# Problem statement
If a line of the data below holds the string "Gift", copy it.

Records contained in a dataset:
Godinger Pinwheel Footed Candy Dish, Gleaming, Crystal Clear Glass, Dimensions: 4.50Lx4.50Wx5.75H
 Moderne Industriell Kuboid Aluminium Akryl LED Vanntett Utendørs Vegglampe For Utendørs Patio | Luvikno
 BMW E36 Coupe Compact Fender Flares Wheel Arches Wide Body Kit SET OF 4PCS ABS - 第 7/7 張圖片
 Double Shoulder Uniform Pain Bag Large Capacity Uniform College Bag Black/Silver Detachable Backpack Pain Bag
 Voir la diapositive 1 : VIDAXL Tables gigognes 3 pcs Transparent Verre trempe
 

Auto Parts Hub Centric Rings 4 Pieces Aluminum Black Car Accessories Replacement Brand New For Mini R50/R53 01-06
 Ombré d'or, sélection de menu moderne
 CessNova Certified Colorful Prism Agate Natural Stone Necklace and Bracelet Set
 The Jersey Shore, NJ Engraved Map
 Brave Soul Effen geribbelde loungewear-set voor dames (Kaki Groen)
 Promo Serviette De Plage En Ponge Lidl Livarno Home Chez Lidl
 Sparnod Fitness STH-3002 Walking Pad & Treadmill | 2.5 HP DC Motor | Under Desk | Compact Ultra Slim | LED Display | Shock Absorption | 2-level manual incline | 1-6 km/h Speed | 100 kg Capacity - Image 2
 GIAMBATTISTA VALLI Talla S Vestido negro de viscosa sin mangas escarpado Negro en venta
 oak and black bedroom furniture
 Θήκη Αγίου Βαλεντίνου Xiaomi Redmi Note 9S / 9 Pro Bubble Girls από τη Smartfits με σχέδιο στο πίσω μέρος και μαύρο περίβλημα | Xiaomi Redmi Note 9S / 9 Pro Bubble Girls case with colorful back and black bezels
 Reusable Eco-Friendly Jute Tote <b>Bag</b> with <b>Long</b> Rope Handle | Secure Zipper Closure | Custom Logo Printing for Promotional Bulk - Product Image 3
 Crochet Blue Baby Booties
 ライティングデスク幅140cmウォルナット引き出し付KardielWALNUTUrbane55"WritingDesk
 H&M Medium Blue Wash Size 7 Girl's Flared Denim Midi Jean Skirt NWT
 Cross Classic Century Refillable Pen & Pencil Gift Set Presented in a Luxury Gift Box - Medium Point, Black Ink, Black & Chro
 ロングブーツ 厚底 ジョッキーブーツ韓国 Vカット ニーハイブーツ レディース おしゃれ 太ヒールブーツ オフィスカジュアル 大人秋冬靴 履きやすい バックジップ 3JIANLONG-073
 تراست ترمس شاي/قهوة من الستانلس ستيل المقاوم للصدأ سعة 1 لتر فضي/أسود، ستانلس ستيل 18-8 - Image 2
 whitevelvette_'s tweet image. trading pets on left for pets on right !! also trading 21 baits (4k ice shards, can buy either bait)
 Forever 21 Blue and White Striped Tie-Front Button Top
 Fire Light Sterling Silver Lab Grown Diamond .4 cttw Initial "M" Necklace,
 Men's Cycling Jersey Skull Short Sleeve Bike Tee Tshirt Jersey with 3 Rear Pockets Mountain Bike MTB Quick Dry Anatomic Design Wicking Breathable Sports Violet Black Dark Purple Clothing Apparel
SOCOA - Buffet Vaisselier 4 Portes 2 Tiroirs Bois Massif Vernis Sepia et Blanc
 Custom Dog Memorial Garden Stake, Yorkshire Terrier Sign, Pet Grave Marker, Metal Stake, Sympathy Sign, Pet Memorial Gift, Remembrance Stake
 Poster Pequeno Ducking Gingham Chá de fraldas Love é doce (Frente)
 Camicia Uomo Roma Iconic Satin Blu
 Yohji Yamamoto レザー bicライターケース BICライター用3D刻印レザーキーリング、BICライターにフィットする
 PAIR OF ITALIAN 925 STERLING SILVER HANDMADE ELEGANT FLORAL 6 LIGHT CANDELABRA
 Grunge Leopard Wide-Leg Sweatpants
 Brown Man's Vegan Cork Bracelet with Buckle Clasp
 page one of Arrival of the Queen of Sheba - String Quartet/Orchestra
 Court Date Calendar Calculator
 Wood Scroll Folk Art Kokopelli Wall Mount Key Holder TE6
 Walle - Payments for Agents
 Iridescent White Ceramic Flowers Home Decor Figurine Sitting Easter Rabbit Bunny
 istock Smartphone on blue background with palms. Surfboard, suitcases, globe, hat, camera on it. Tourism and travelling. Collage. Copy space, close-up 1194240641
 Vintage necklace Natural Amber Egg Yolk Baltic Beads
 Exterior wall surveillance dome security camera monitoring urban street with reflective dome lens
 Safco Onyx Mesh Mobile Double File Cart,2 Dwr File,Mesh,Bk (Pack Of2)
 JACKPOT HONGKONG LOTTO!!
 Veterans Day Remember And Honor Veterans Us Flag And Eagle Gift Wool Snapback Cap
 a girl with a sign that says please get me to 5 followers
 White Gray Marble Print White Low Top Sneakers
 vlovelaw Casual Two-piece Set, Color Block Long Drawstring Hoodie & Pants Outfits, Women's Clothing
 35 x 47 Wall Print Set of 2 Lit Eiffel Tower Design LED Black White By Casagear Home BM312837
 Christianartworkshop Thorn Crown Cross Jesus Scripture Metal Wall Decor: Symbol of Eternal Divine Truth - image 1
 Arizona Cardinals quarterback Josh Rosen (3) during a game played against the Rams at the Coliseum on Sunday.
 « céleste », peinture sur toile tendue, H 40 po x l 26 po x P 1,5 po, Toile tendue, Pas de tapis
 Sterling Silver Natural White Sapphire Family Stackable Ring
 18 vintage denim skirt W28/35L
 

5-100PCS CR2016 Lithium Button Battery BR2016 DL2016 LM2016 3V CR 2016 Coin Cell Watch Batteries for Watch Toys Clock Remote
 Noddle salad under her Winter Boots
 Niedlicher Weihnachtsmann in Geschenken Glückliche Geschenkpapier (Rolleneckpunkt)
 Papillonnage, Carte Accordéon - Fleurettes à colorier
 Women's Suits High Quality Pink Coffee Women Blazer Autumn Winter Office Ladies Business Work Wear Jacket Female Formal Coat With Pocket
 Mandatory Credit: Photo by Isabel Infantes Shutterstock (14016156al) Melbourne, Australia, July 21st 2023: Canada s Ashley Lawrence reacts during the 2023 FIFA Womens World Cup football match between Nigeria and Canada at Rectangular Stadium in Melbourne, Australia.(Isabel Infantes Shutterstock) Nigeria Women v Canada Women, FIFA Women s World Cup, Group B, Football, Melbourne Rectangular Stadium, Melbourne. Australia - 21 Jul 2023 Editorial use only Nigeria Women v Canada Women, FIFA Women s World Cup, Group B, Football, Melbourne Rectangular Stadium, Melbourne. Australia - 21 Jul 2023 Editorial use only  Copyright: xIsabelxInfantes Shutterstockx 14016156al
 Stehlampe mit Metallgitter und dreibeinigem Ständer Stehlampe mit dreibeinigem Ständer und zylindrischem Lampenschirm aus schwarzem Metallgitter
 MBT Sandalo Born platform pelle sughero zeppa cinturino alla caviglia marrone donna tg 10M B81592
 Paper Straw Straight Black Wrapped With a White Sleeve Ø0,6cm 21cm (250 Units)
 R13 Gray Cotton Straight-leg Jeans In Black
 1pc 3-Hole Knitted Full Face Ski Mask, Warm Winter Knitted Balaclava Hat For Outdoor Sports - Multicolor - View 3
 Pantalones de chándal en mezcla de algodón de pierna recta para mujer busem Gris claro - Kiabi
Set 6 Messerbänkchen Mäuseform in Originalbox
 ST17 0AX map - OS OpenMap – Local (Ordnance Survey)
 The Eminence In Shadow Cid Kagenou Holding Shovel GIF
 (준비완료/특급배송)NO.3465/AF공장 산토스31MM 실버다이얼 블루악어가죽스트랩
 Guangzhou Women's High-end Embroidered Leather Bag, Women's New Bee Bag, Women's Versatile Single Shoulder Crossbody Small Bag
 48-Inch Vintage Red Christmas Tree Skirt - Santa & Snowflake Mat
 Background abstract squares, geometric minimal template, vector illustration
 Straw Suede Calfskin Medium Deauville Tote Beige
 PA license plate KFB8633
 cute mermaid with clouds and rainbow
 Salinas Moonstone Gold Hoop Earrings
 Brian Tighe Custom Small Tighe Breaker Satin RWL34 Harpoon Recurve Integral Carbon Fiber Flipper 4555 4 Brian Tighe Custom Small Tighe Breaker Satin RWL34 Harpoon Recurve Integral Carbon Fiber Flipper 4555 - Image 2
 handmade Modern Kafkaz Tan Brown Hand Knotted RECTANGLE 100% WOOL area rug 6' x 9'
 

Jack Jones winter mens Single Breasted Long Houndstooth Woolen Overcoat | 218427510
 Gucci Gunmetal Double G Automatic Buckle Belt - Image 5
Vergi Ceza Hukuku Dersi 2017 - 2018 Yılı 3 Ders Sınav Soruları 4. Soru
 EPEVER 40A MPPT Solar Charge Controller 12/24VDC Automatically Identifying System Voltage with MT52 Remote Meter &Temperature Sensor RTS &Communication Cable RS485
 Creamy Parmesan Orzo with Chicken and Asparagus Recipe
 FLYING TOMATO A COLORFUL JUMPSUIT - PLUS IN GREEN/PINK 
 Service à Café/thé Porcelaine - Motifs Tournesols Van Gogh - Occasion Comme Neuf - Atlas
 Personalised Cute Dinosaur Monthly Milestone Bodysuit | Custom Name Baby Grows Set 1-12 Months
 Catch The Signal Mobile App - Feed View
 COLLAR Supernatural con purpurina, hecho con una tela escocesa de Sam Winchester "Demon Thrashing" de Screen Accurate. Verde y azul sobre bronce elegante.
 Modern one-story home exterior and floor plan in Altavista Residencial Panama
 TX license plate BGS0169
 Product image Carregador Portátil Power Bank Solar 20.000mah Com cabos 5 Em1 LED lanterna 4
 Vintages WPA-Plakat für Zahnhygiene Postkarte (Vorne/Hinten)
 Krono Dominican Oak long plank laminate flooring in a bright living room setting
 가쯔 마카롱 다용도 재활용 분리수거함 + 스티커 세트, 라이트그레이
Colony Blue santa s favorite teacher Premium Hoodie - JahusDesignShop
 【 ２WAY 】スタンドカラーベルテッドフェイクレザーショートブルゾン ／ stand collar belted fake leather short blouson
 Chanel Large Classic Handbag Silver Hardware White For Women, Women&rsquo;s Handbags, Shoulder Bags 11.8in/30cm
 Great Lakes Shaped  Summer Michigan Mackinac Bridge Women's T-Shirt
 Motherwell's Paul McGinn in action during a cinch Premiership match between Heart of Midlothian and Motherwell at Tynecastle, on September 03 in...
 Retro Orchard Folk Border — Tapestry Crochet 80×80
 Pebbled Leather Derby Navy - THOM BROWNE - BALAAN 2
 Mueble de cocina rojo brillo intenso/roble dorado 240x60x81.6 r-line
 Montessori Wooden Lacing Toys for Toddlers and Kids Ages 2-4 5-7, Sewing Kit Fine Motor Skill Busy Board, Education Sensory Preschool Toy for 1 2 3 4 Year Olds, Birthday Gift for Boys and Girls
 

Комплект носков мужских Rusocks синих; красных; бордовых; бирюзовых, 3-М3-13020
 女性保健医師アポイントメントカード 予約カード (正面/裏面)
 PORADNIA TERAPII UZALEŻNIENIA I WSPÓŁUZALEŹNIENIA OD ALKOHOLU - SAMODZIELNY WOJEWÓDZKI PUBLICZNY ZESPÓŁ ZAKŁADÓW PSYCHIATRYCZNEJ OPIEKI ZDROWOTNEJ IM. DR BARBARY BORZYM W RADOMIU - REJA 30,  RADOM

# Answer box
 Cross Classic Century Refillable Pen & Pencil Gift Set Presented in a Luxury Gift Box - Medium Point, Black Ink, Black & Chro
 Custom Dog Memorial Garden Stake, Yorkshire Terrier Sign, Pet Grave Marker, Metal Stake, Sympathy Sign, Pet Memorial Gift, Remembrance Stake
 Veterans Day Remember And Honor Veterans Us Flag And Eagle Gift Wool Snapback Cap
 Montessori Wooden Lacing Toys for Toddlers and Kids Ages 2-4 5-7, Sewing Kit Fine Motor Skill Busy Board, Education Sensory Preschool Toy for 1 2 3 4 Year Olds, Birthday Gift for Boys and Girls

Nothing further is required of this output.